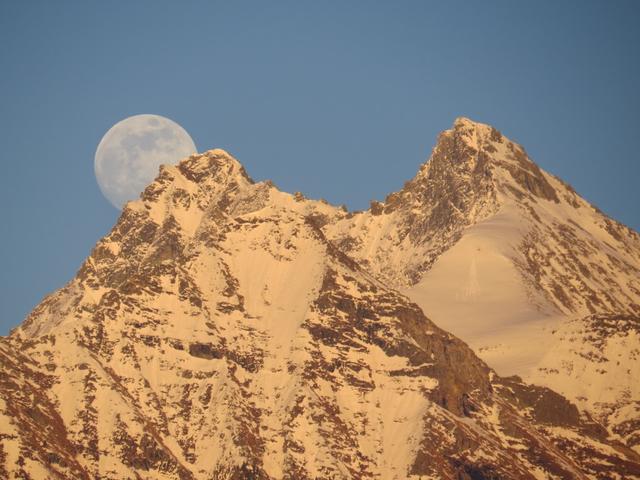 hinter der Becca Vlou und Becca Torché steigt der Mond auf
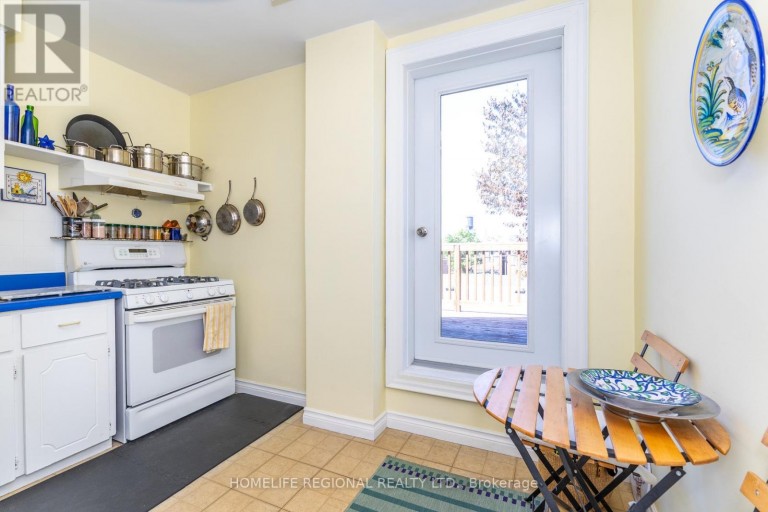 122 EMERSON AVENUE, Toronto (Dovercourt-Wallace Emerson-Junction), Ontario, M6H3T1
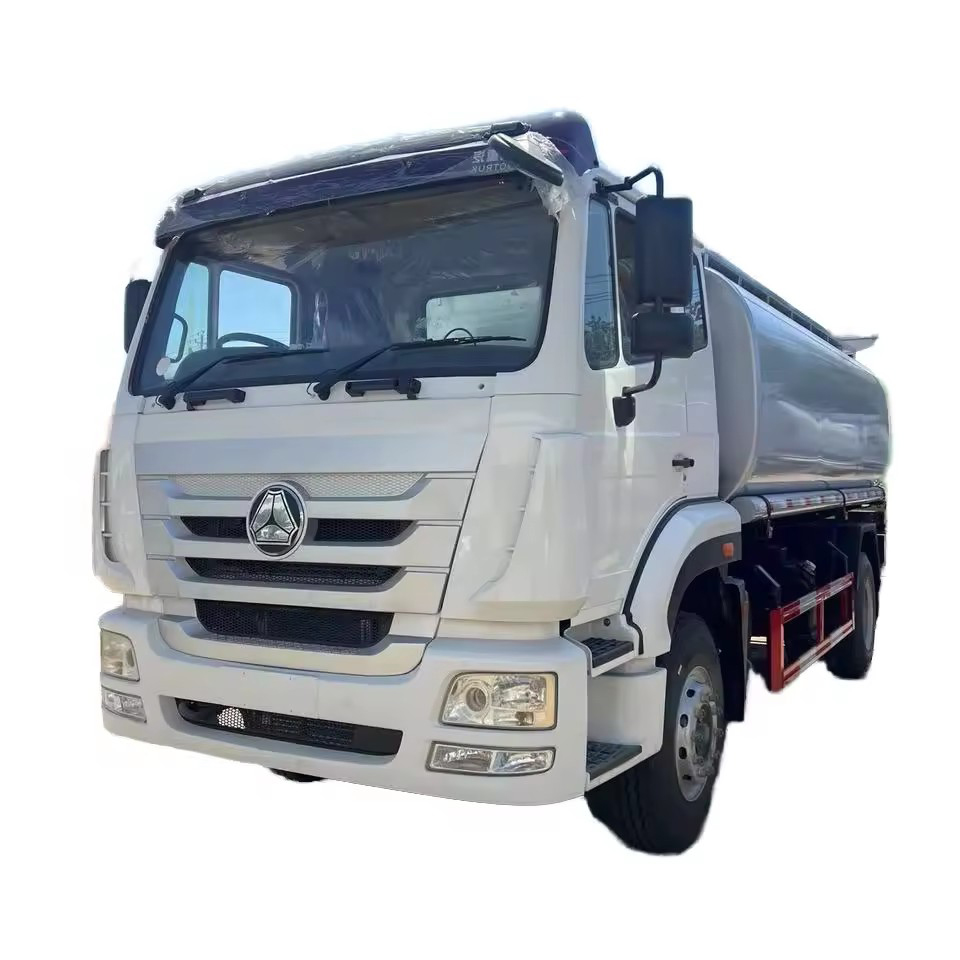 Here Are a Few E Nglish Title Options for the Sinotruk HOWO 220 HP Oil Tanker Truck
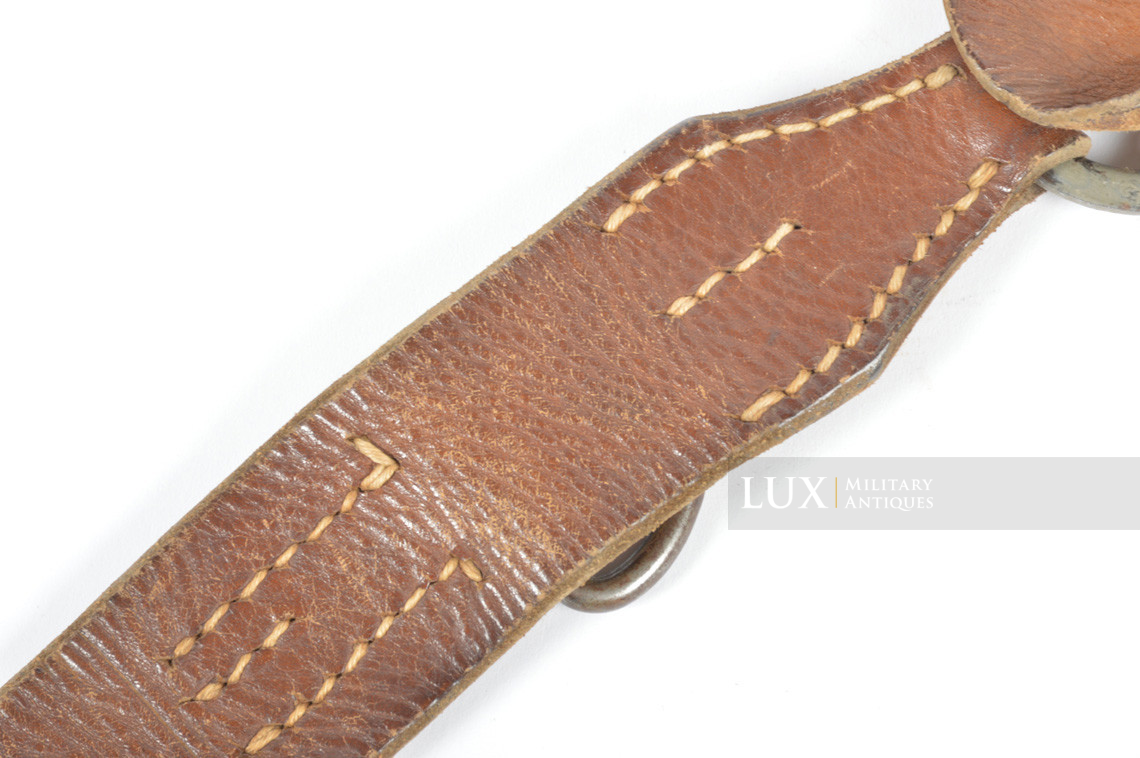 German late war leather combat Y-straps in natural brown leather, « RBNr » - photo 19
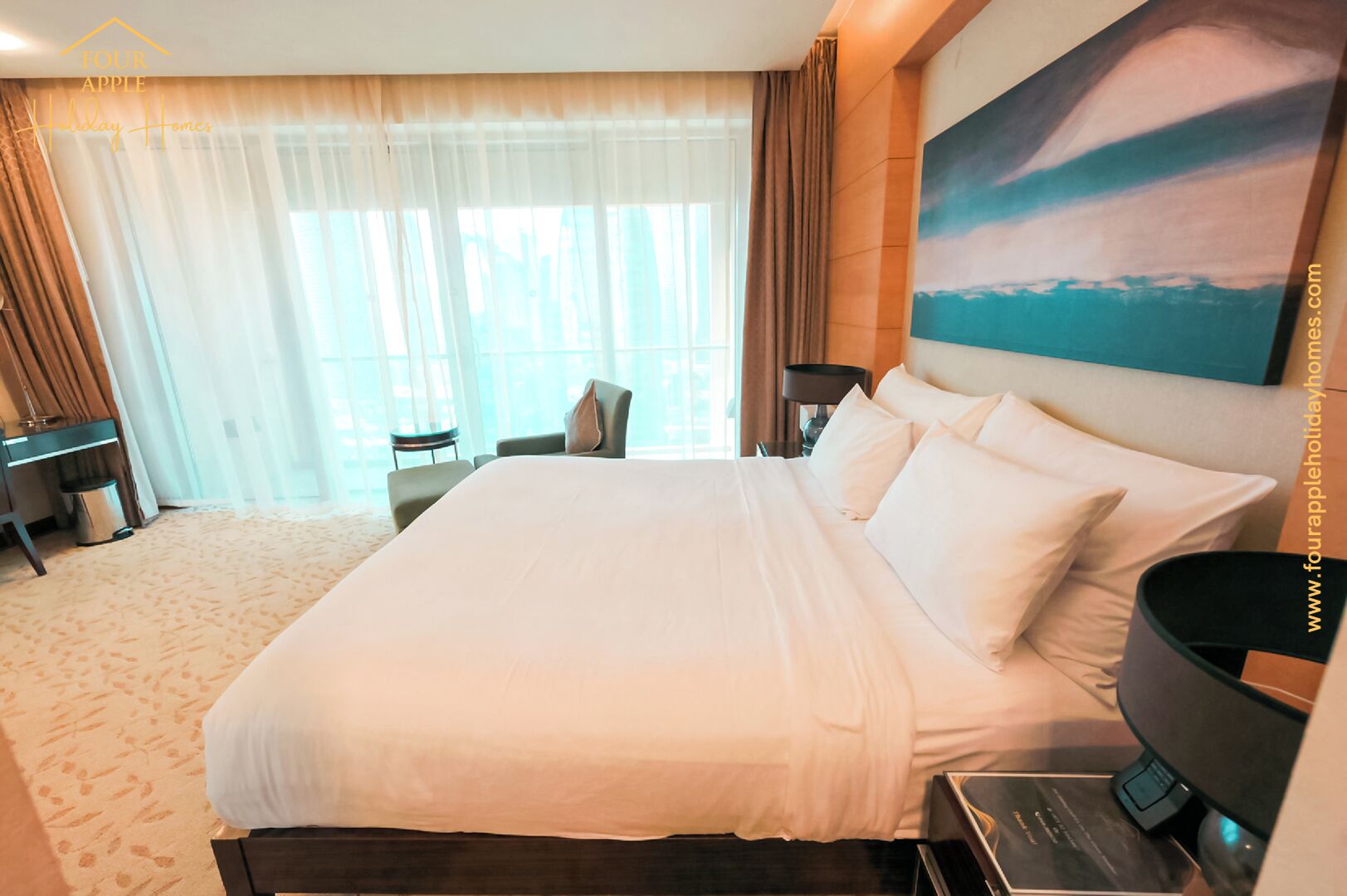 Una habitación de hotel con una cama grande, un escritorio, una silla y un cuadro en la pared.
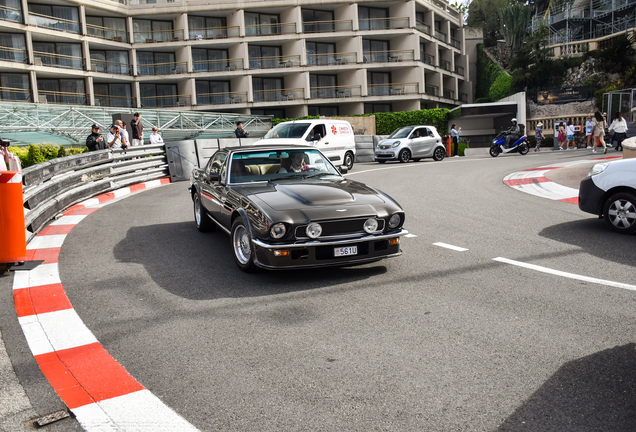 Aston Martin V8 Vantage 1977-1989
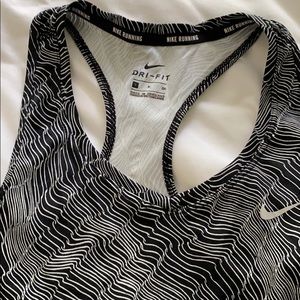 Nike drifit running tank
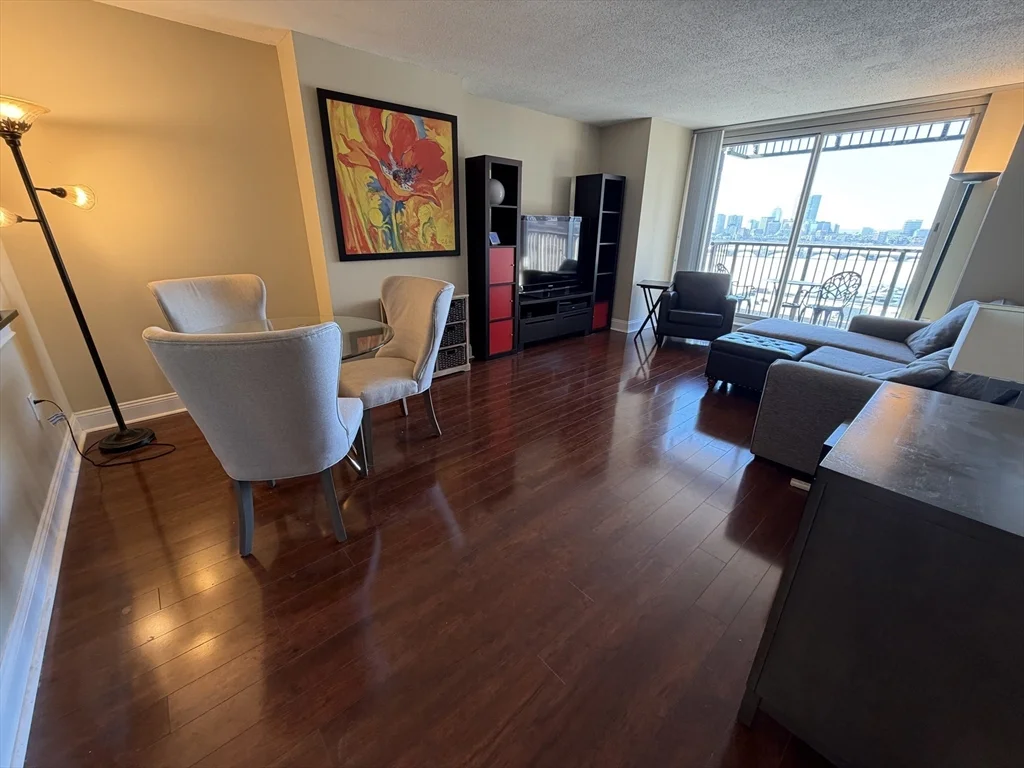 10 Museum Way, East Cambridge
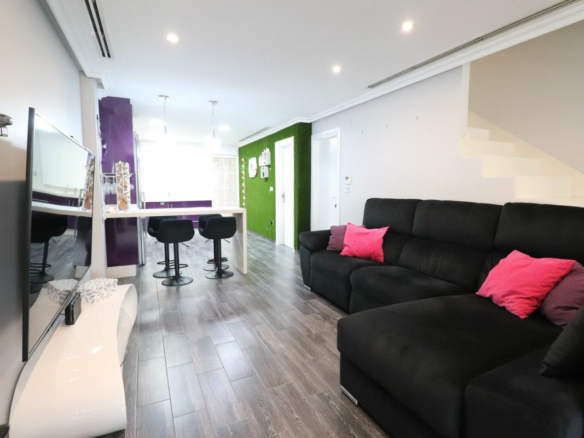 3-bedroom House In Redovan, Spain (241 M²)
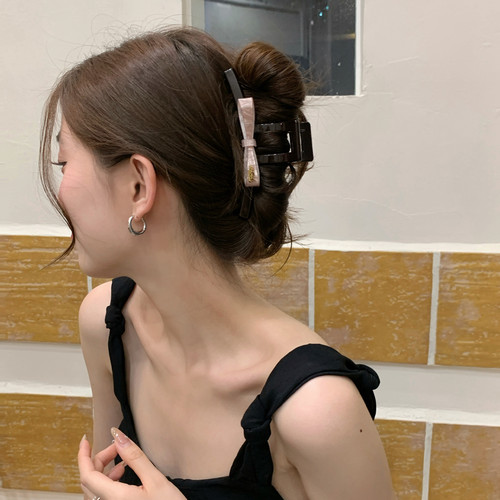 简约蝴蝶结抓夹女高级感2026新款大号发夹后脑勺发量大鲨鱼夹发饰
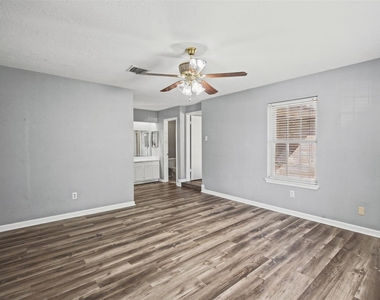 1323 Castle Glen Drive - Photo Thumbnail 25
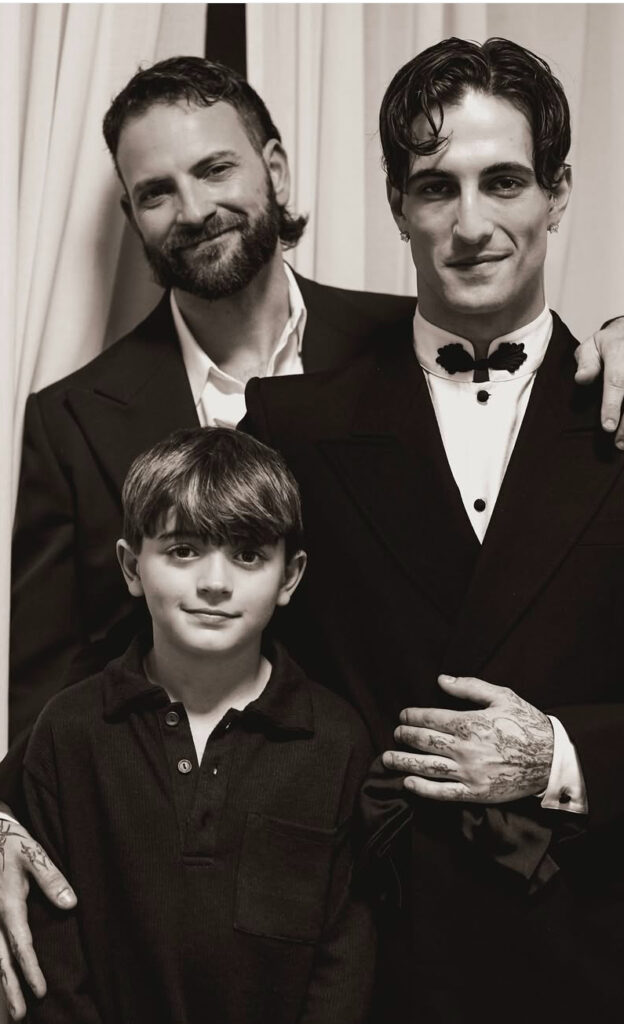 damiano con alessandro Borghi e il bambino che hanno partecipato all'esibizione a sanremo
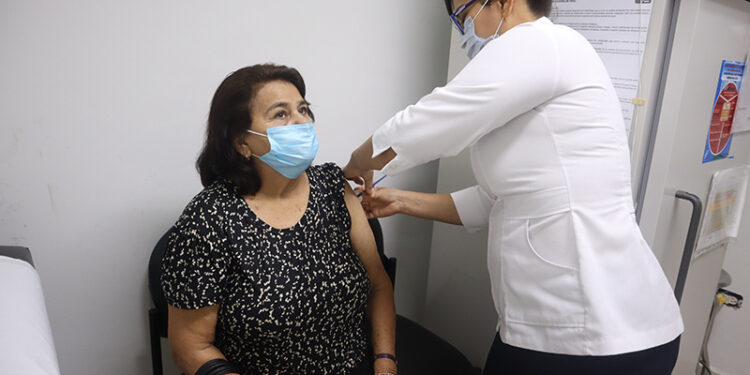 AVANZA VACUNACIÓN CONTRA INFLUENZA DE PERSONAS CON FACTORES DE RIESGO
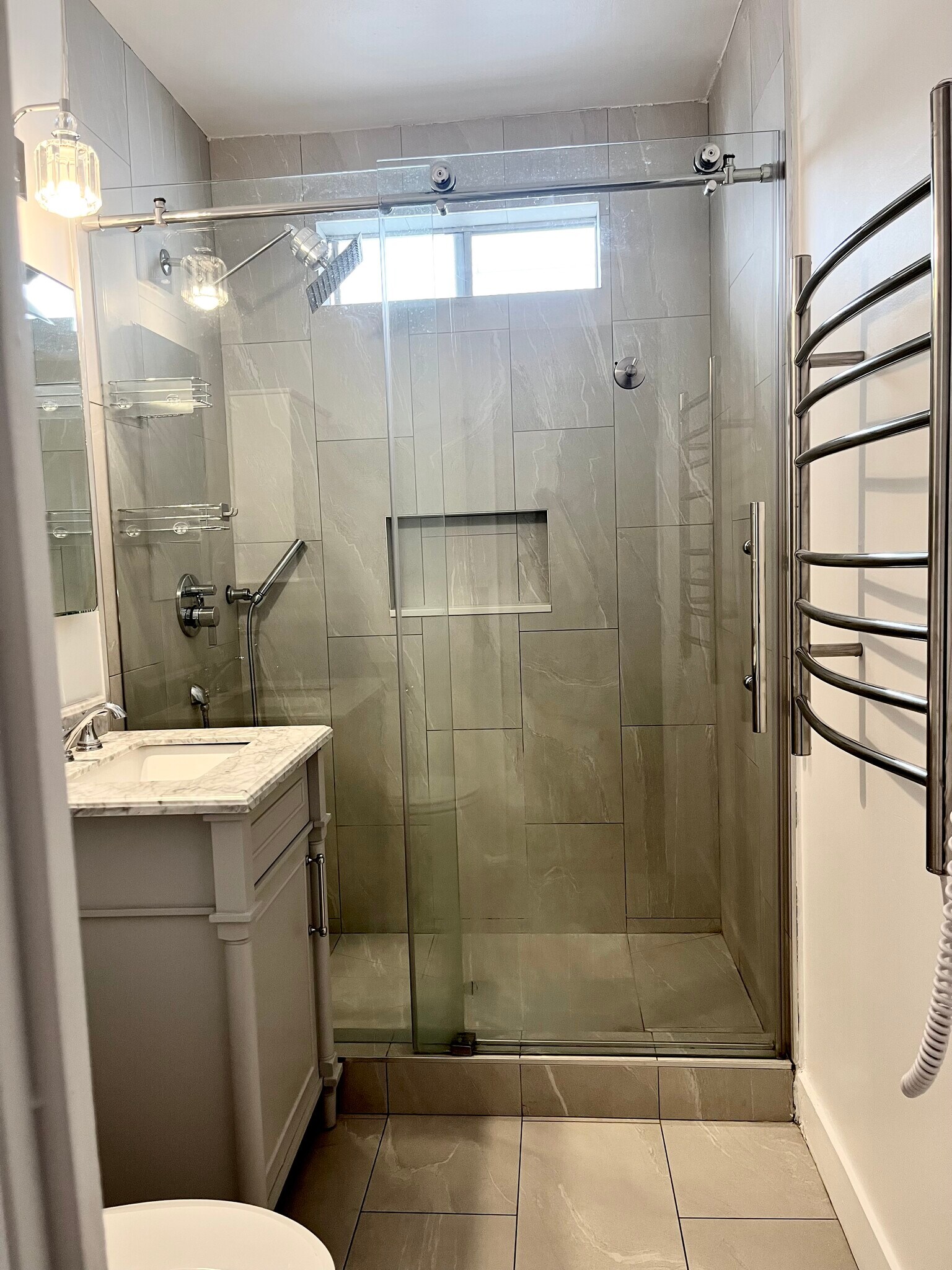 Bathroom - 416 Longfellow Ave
◆ ◆ ◆ ◆ ◆ ◆ ◆
Exercise instructions
From the very first line of the listing above through the line that holds "Here Are a Few", write out each line exactly as it stands, leaving pictures out.

Solution to this problem
 hinter der Becca Vlou und Becca Torché steigt der Mond auf
 122 EMERSON AVENUE, Toronto (Dovercourt-Wallace Emerson-Junction), Ontario, M6H3T1
 Here Are a Few E Nglish Title Options for the Sinotruk HOWO 220 HP Oil Tanker Truck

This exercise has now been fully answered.